Under the moniker "Migration Wizard", we built a data platform that allowed data producers to register the tables to be deleted or migrated to a catalog in Unity Catalog. Along with the table paths (new and old), producers provided operational metadata like the end-of-life (EOL) date for the legacy table and how to contact with questions or concerns.

The Migration Wizard would then:

Leverage lineage to detect consumption and notify downstream teams. This targeted approach allowed teams to not have to repeatedly inundate everybody with data deprecation messages
On EOL day, render a "soft deletion" via loss of access and purge the data a week later
Auto-update DBSQL queries depending on the legacy data to read from the new location

Example of the automated update to queries using legacy deprecated HMS tables

Thus with a few lines of config, the data producer was effectively and confidently decoupled from the migration effort without having to worry about downstream impact. Automation continued notifying customers and also provided a swift fix for query breakage discovered after the deprecation trigger was pulled.

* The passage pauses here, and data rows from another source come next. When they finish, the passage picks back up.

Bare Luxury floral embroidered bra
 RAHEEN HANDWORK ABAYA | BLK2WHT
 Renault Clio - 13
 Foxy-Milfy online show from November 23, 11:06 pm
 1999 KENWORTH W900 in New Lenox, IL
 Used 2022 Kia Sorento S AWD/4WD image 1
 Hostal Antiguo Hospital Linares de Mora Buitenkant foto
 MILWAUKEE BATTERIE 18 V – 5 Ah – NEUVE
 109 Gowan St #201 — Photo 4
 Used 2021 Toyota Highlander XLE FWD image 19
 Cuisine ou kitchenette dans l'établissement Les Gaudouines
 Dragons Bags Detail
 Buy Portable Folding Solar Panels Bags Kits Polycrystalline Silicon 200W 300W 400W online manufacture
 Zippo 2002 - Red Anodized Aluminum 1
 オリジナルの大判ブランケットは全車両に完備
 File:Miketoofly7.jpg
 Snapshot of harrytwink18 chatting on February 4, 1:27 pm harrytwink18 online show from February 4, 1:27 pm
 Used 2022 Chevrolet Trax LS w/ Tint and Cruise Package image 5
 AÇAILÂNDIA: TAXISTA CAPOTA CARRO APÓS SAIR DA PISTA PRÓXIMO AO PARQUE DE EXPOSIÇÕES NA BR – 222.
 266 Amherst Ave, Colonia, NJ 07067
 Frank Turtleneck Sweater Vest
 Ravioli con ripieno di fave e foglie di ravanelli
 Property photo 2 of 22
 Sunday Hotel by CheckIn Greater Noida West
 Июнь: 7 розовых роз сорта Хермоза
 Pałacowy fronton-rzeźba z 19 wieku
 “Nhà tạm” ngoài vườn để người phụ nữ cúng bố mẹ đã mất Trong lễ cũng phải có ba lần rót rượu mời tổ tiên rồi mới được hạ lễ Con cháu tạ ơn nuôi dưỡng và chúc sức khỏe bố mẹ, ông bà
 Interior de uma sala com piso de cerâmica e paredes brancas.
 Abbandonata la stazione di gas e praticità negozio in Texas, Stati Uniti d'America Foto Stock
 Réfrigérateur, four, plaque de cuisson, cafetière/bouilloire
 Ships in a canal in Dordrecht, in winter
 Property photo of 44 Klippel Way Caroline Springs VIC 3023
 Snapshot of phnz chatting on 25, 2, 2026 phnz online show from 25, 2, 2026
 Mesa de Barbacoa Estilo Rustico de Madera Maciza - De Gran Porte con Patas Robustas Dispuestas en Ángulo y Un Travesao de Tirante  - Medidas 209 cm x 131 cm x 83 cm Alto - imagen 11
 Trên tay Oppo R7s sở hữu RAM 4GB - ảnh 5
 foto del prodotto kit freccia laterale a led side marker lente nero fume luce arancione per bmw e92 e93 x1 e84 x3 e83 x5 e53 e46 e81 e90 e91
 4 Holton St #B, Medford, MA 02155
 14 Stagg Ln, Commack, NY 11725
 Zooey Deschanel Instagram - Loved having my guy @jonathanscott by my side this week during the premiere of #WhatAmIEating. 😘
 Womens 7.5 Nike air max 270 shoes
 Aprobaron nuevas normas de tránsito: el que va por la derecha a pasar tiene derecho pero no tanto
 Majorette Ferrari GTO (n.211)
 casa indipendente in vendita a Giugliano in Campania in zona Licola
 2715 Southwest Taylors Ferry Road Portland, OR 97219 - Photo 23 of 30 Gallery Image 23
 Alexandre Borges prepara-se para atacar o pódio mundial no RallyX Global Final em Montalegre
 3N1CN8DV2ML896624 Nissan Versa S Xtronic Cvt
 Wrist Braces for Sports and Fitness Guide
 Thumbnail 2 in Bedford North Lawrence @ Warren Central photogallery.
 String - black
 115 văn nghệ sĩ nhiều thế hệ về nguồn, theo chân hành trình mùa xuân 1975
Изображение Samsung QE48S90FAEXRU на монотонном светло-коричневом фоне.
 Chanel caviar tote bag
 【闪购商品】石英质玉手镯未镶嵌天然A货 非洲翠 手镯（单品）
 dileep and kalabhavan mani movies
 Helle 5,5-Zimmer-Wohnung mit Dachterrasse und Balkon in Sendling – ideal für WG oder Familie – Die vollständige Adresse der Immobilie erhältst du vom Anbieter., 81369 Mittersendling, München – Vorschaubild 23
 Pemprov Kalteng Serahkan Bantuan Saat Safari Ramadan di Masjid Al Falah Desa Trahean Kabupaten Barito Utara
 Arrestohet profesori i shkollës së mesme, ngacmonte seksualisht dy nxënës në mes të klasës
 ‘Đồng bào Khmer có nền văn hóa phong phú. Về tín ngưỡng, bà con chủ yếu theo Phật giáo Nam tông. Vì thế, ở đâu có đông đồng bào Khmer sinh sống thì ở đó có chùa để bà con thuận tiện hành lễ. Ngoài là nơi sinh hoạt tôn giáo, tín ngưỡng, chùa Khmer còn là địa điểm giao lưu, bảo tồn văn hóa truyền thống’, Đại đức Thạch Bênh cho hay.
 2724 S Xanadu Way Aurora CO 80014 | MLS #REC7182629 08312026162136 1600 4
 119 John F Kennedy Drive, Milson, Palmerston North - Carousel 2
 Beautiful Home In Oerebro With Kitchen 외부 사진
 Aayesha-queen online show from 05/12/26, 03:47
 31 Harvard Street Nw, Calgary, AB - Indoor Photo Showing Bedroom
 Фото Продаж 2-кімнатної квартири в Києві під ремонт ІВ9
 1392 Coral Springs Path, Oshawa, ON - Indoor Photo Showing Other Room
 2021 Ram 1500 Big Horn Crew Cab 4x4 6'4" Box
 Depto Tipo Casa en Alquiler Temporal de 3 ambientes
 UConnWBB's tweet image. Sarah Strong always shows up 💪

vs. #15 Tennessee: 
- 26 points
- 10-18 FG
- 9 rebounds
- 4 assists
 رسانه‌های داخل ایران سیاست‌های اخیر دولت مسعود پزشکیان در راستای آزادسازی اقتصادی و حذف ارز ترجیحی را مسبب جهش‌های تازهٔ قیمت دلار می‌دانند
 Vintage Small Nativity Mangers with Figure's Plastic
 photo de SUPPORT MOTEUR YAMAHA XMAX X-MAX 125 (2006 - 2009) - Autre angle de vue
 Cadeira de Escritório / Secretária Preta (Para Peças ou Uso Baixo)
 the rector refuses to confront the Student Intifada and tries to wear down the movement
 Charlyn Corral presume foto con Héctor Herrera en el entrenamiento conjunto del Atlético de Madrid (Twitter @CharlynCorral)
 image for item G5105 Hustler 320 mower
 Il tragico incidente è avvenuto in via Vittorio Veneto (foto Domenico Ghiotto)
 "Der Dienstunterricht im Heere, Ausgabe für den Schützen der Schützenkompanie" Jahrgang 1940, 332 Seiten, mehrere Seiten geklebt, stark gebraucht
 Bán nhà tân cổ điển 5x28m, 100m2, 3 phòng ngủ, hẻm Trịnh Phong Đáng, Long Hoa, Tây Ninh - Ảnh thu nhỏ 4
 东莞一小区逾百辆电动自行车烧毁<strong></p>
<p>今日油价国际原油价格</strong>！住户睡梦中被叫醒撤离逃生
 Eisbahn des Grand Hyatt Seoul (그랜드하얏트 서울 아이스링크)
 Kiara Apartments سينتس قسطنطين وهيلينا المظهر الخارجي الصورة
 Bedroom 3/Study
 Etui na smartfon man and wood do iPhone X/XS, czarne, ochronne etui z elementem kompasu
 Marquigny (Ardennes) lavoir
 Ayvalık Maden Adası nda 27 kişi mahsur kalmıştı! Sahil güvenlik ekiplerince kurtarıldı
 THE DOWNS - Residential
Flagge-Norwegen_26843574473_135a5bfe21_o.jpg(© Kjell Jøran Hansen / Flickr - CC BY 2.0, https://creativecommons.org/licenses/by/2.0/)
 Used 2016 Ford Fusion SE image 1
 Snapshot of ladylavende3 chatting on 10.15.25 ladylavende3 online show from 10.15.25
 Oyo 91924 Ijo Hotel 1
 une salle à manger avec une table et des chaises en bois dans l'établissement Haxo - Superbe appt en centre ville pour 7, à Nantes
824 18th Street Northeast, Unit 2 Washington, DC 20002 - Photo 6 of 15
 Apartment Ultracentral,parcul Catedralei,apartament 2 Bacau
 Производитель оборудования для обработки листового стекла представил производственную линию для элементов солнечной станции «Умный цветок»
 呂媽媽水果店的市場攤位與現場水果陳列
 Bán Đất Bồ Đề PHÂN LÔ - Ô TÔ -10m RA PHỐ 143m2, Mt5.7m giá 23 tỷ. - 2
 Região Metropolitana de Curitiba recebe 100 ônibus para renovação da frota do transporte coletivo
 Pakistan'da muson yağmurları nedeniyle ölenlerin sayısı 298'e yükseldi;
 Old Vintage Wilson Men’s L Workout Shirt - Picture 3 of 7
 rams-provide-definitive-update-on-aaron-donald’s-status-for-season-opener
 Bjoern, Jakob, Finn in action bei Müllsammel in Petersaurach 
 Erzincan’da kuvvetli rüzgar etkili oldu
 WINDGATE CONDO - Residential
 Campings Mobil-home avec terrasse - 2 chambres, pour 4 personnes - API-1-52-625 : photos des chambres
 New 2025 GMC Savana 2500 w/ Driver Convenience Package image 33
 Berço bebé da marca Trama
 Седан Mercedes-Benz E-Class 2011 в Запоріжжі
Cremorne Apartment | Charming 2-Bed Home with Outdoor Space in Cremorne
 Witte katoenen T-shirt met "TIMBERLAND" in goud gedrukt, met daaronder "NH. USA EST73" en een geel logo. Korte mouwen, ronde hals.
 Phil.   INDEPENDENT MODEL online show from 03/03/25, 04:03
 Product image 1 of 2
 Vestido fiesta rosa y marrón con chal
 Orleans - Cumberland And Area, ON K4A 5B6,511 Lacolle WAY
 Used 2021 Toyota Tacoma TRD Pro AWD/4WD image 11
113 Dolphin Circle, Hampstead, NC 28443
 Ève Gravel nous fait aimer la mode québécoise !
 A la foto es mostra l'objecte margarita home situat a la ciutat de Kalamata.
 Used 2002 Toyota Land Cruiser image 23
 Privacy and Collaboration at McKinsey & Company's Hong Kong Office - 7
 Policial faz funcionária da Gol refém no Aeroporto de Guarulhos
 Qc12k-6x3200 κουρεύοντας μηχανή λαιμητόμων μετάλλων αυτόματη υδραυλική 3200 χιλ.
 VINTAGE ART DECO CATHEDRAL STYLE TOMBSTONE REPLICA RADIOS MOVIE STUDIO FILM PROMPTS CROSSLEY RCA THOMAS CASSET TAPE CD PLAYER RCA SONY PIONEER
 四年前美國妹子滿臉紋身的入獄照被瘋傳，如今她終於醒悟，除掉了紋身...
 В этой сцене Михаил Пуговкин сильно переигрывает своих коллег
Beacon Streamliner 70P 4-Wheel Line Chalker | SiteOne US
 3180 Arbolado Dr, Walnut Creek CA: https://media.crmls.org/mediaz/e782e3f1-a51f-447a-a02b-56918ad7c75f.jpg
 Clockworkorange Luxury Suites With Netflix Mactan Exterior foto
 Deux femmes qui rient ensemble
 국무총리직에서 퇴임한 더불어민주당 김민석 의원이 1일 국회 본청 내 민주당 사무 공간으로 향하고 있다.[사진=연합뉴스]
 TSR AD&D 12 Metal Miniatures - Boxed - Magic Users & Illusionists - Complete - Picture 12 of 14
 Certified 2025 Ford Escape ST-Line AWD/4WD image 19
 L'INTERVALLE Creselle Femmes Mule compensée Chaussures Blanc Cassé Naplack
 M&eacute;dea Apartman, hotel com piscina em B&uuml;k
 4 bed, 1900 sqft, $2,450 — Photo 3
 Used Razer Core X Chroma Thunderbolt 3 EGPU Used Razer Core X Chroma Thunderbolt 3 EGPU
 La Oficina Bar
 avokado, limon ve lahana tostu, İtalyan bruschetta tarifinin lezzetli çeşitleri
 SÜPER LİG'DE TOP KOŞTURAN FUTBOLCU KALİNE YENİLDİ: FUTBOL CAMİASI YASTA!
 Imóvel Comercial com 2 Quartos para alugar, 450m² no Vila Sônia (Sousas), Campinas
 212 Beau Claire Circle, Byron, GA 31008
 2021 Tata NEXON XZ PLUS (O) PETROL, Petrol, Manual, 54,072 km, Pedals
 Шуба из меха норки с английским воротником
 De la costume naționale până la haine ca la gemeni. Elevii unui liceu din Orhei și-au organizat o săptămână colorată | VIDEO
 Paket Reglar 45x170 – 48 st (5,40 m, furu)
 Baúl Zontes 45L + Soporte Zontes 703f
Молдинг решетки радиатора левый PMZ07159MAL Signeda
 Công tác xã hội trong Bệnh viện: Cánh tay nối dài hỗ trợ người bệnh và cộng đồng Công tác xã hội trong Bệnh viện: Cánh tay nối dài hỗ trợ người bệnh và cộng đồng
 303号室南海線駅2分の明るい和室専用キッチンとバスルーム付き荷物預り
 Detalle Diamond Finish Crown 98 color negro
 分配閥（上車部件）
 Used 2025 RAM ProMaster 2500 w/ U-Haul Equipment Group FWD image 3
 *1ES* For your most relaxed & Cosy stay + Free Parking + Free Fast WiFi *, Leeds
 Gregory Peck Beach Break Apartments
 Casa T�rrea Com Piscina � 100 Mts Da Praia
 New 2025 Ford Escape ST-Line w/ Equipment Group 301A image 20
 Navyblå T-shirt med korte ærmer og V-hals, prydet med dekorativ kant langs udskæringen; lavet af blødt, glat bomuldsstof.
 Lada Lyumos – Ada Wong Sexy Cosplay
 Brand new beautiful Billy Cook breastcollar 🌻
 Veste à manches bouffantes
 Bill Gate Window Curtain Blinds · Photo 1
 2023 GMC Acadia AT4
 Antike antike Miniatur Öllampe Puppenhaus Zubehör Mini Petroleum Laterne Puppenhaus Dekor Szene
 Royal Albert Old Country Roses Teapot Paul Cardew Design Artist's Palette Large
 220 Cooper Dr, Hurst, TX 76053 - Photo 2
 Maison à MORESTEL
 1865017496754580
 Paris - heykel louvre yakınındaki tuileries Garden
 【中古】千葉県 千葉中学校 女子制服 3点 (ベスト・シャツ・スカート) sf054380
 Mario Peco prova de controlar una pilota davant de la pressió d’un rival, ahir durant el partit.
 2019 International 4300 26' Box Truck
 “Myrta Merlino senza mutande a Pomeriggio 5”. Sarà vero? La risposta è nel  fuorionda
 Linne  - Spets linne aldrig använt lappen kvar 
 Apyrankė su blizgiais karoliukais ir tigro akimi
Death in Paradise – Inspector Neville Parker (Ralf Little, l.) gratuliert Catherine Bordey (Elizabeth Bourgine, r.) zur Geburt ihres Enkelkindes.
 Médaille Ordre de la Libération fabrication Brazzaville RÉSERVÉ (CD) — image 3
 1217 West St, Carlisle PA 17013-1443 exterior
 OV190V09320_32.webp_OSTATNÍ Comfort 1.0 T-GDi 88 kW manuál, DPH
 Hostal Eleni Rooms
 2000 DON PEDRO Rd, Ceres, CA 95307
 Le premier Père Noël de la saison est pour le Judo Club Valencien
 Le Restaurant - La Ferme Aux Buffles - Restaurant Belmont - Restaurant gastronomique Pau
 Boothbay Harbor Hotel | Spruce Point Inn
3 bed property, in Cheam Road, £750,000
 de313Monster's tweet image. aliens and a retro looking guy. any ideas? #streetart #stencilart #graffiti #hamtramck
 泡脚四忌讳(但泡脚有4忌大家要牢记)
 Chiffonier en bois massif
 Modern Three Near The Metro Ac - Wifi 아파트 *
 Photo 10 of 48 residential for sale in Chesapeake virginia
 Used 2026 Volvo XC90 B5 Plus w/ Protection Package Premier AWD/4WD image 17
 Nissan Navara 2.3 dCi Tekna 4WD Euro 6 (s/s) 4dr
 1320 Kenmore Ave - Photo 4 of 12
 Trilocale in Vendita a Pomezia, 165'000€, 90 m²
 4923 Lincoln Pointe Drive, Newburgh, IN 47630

Subsequently, the ability to auto-update DBSQL and notebook queries from legacy HMS tables to new UC alternatives has been added to the product to assist our customers in their journey to Unity Catalog.

Sticking the Landing

In February 2024, we removed access to Hive Metastore and started deleting all remaining legacy data. Given the amount of communication and coordination, this potentially disruptive change turned out to be smooth. Our changes did not trigger any incidents, and we were able to declare "Success" soon after.

~3x reduction in downstream consumers by eliminating orphaned jobs. Efficiency gains from choosing a transformational approach.

We saw immediate cost benefits as unowned jobs that failed due to the changes could now be turned off. Dashboards silently deprecated now failed while incurring marginal compute cost and could be similarly sunsetted.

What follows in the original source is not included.